Doch diese Wertung versucht das Projekt »Geliebt und verdrängt: Das Kino der jungen Bundesrepublik Deutschland 1949 – 1963« zu revidieren. Es wurde am 28.4.2016 in einer Pressekonferenz im Deutschen Filmmuseum Frankfurt vorgestellt; das Haus am Main kooperiert mit dem Festival del Film Locarno. Die Retrospektive, bestehend aus rund 80 Filme, soll ein neues Licht werfen auf den bisher eher als konventionell eingeschätzten Film der fünfziger Jahre, der von der späteren Generation deutscher Autorenfilmer als »Papas Kino« verfemt wurde.  Kurator Olaf Möller: »Es ist Zeit, dass wir ein paar Vorurteile loswerden und uns die widersprüchliche Schönheit dieser frühen Phase des bundesdeutschen Nachkriegskinos erschließen.«   In der Retrospektive laufen etwa der abgründige Heimatfilm »Rosen blühen auf dem Heidegrab« von Hans H. König (1959), die formal interessanten Werke »Jonas« (1957) von Ottomar Domnick und »Der gläserne Turm« (1957) von Harald Braun, aber auch die ungewöhnliche deutsch-polnische Koproduktion »Der achte Wochentag« (1958) von Aleksander Ford.

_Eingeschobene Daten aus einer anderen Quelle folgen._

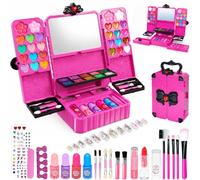 Kids Makeup Set For Girls - Childrens Make up Kit Birthday Gift Age 4-12 | Make up Kit with Eye Shadow, Lip Gloss, Nail Polish & Cosmetic Case, Safe Non-Toxic Makeup Gift for Ages 4-12
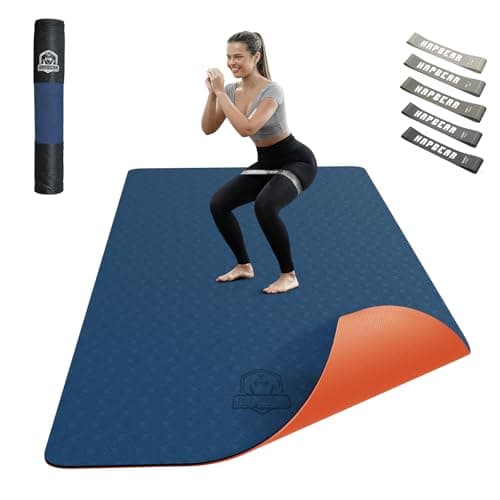 HAPBEAR Large Yoga Mat - 72"x36"x6mm (1/4 inch), Extra Wide Non-Slip Exercise Mat for Home Workout, Yoga, Pilates & Stretching, Durable & Eco-Friendly, Includes Bonus Resistance Bands & Carry Bag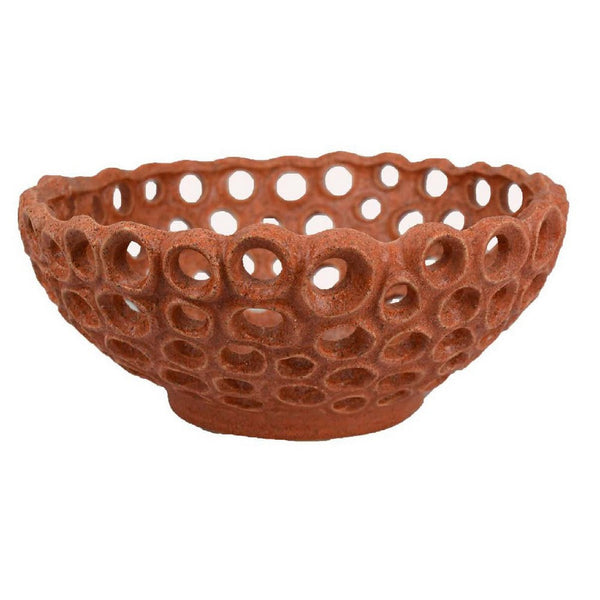 Nian Decorative Bowl, Earthy Brown Ceramic, Perforated Holes, 13 Inch -BM334953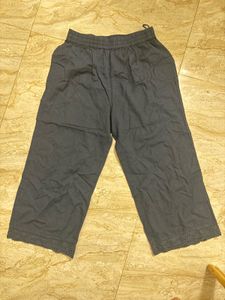 Black Straight Pants With Crochet Lace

Die Retrospektive wird nach ihrer Premiere in Locarno neben Spielorten in der Schweiz, Italien, den USA und Portugal auch im Kino des Deutschen Filmmuseums im Oktober und November zu sehen sein. Für das Deutsche Filmmuseum bedeutet die Kooperation mit Locarno, worauf die Leiterin des Deutschen Filmmuseums, Claudia Dillmann, hinwies, eine Fortführung der Beschäftigung mit dem westdeutschen Nachkriegsfilm. 1989 beleuchtete  das Filmmuseum mit der Ausstellung und Filmreihe »Zwischen Gestern und Morgen« zum ersten Mal den Film der fünfziger Jahre, es folgten Monographien zum Produzenten Artur Brauner, dem Regisseur Kurt Hoffmann und den Schauspielern Curd Jürgens, Maria Schell und Klaus Kinski.

Locarno komplettiert sein Programm immer mit einer groß angelegten historischen Retrospektive, wie Carlo Chatrian, der Künstlerische Leiter des Festivals, auf der Pressekonferenz erläuterte. Im letzten Jahr war sie dem US-amerikanischen Regisseur Sam Peckinpah gewidmet, 2014 galt sie dem Filmland Italien.

Die Retrospektive wird begleitet von einem Katalog, der in einer deutschen und englischen Ausgabe erscheint. 30 Autorinnen und Autoren beschäftigen sich darin mit den Stars und den stilistischen und thematischen Konstanten jener Jahre.